PUERTOS DE REFUGIO / LUGARES DE REFUGIO

 

Para abordar este planteamiento creo oportuno recordar que un puerto por definición, es un lugar de la costa, protegido, de aguas calmas, para la estancia segura de embarcaciones, este es el primordial objetivo de los puertos, después se le podrán añadir las características que especializan a los diferentes tipos de puertos, como pesqueros, comerciales, petroleros, deportivos, etc.
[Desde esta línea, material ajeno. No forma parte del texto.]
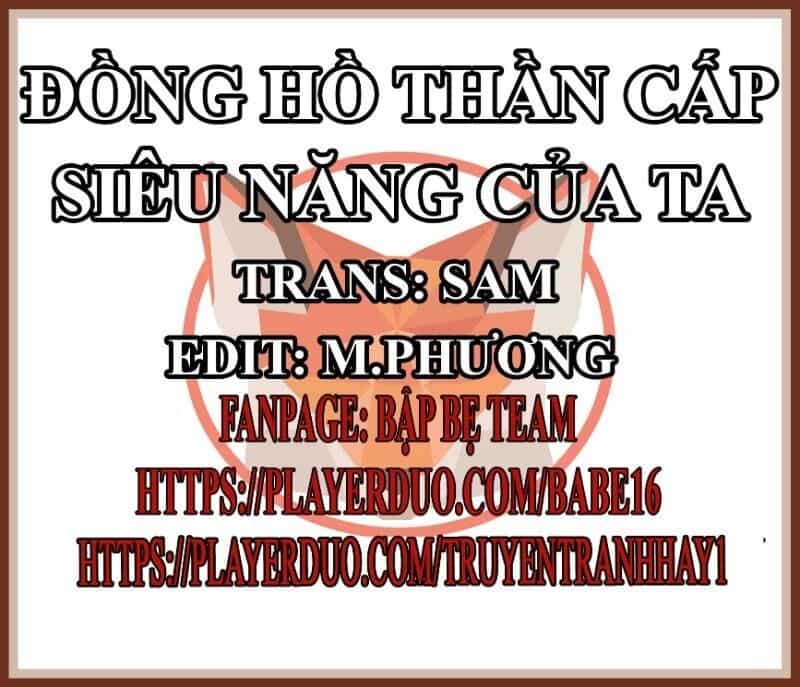 Đồng Hồ Thần Cấp Siêu Năng Của Ta - Chương 4 - ảnh 1
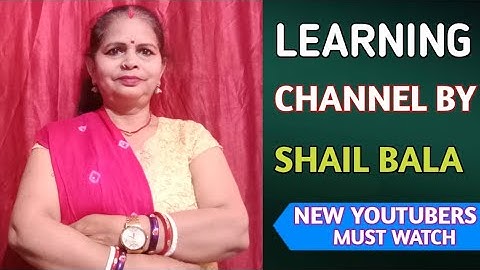 learning channel by SHAIL BALA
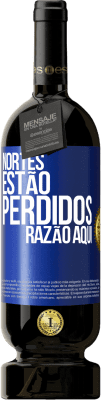 49,95 € Envio grátis | Vinho tinto Edição Premium MBS® Reserva Nortes estão perdidos. Razão aqui Etiqueta Azul. Etiqueta personalizável Reserva 12 Meses Colheita 2014 Tempranillo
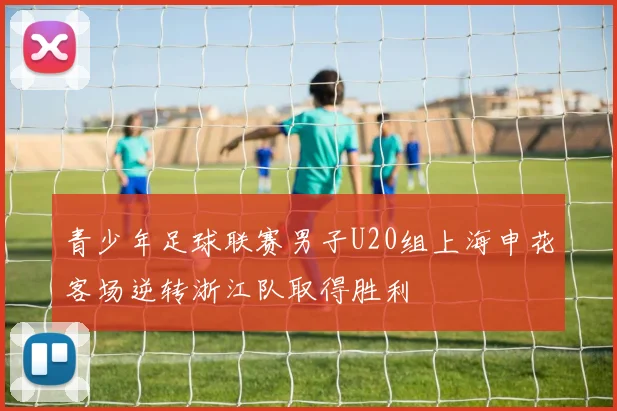 青少年足球联赛男子U20组上海申花客场逆转浙江队取得胜利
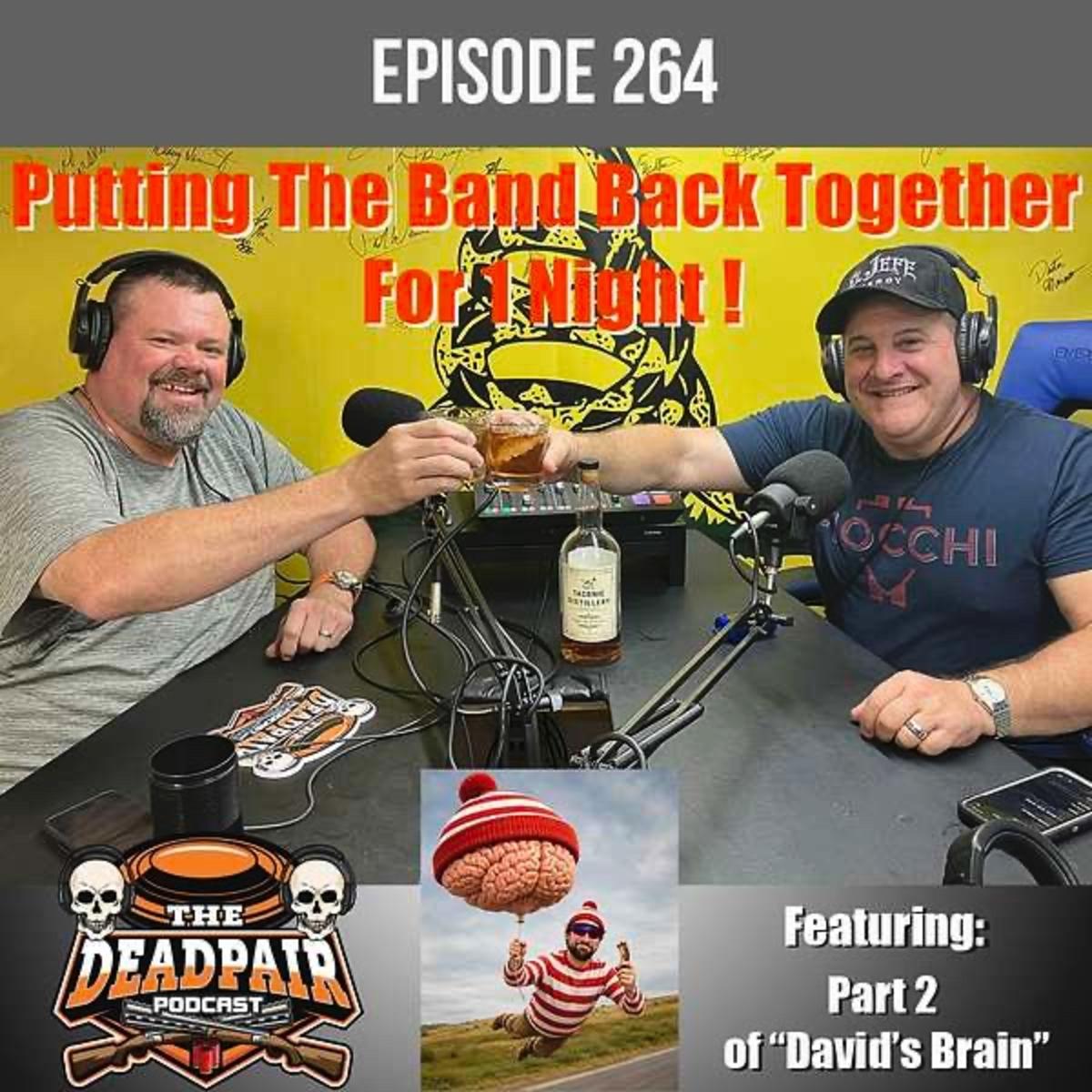264, Putting the band back together, for 1 night!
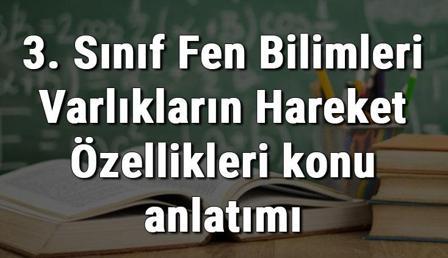 3. Sınıf Fen Bilimleri Varlıkların Hareket Özellikleri konu anlatımı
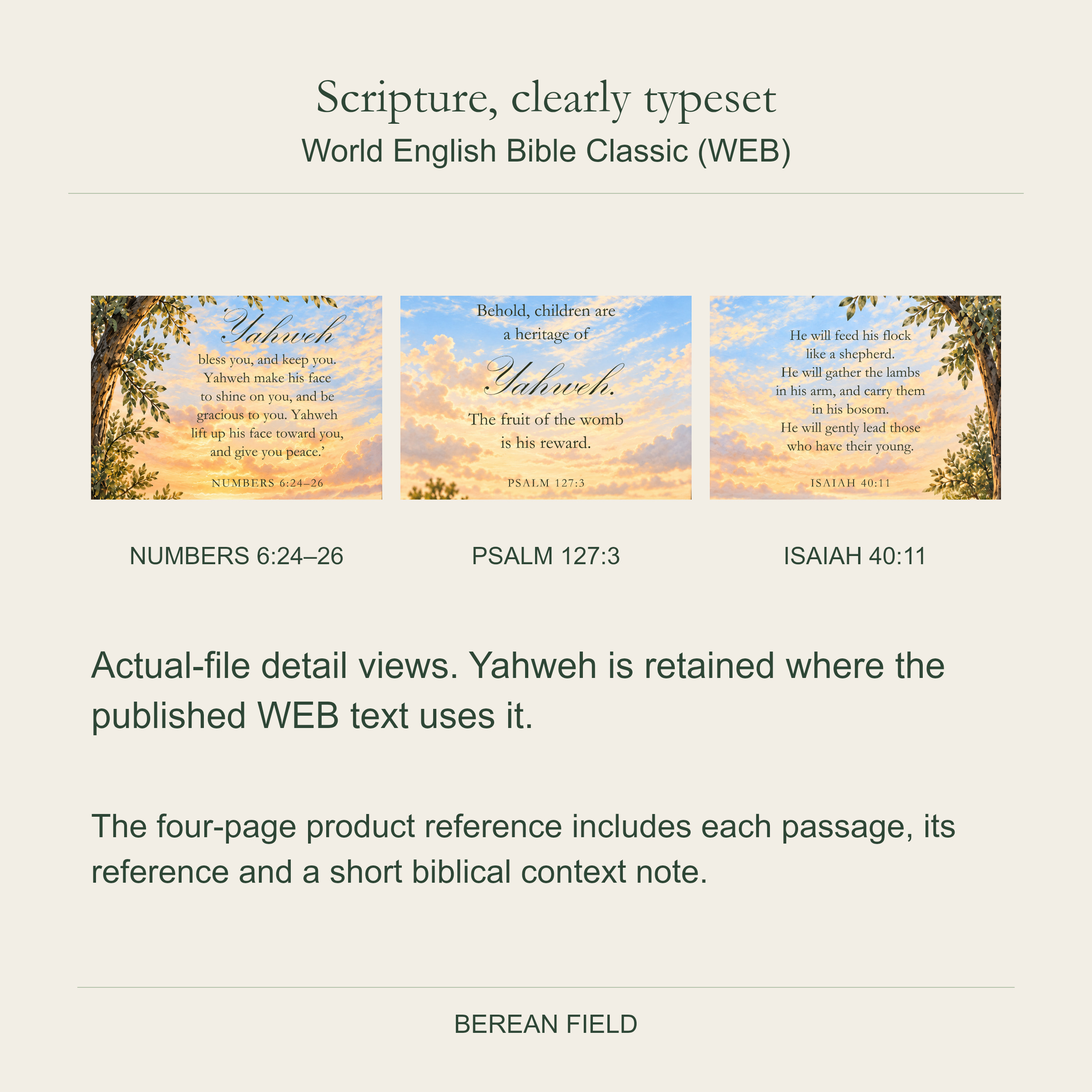 Close-up lettering from the three approved Scripture prints; the full passage text is also provided above.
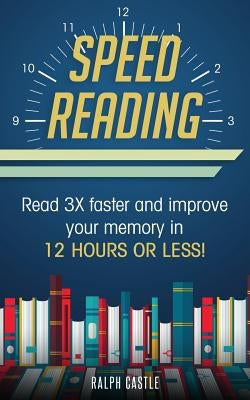 Speed Reading: Read 3X Faster And Improve Your Memory in 12 Hours or Less! by Castle, Ralph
Me hago cargo de mi atrevimiento al cuestionar un concepto en principio adoptado por las autoridades europeas en concebir esta figura del Puerto de Refugio, sustituyéndose por el eufemismo establecido por IMO en su resolución A 949(23) dejándose de llamar “Puerto de Refugio” para pasar a llamarse “Lugar de Refugio”, se me ocurre que obedecerá a razones puramente legales pero este cambio de denominación no altera la naturaleza del mismo.

Esta decisión de establecer un puerto o lugar de refugio que se toma en el seno de la Comunidad Económica, al margen de haber sido ponderada, discutida, debidamente estudiada, regulada y avalada por IMO. El origen de la aparición de este concepto de Lugar de Refugio, en mi opinión es una decisión política, surgida para resolver una situación de indecisión a la hora de proteger un buque en peligro, en un lugar adecuado por consecuencia de una serie de accidentes en la mar en que se han visto implicados buques que podríamos catalogar como peligrosos, por el tipo de carga que llevan o la situación crítica en la que se encuentren, y como hemos visto en los casos que han alcanzando una mayor significación con buques como el Erika, o el Castor en que taxativamente se les niega el derecho de acceder a puerto para resolver sus deficiencias, viéndose obligados ó condenados a aguantar en alta mar y esperar un desenlace que en pocas ocasiones tiene resultados aceptables, ambos casos referidos a los buques citados, los resultados han sido completamente diferentes, perdida y naufragio del Erika con la consiguiente contaminación y la recuperación del buque en el caso del Castor, rechazado en siete diferentes Países del Mediterráneo hasta que Malta lo acepta pudiendo realizar el transbordo de su carga, ambos casos suficientemente conocidos y estudiados.

Después de todo lo anterior, yo como marino, me indigno cuando veo estos casos repetitivos de rechazo de arribada a puerto de un buque en circunstancias desfavorables o de peligro, y que por una decisión de denegación de auxilio, tomada por unas personas que desconocen las particularidades de la mar o incluso conociéndolas, se atribuyen la facultad de disponer de las vidas y bienes de los hombres de la mar, cuando el sagrado deber de socorro no se debe ni se puede negar a ningún ser humano.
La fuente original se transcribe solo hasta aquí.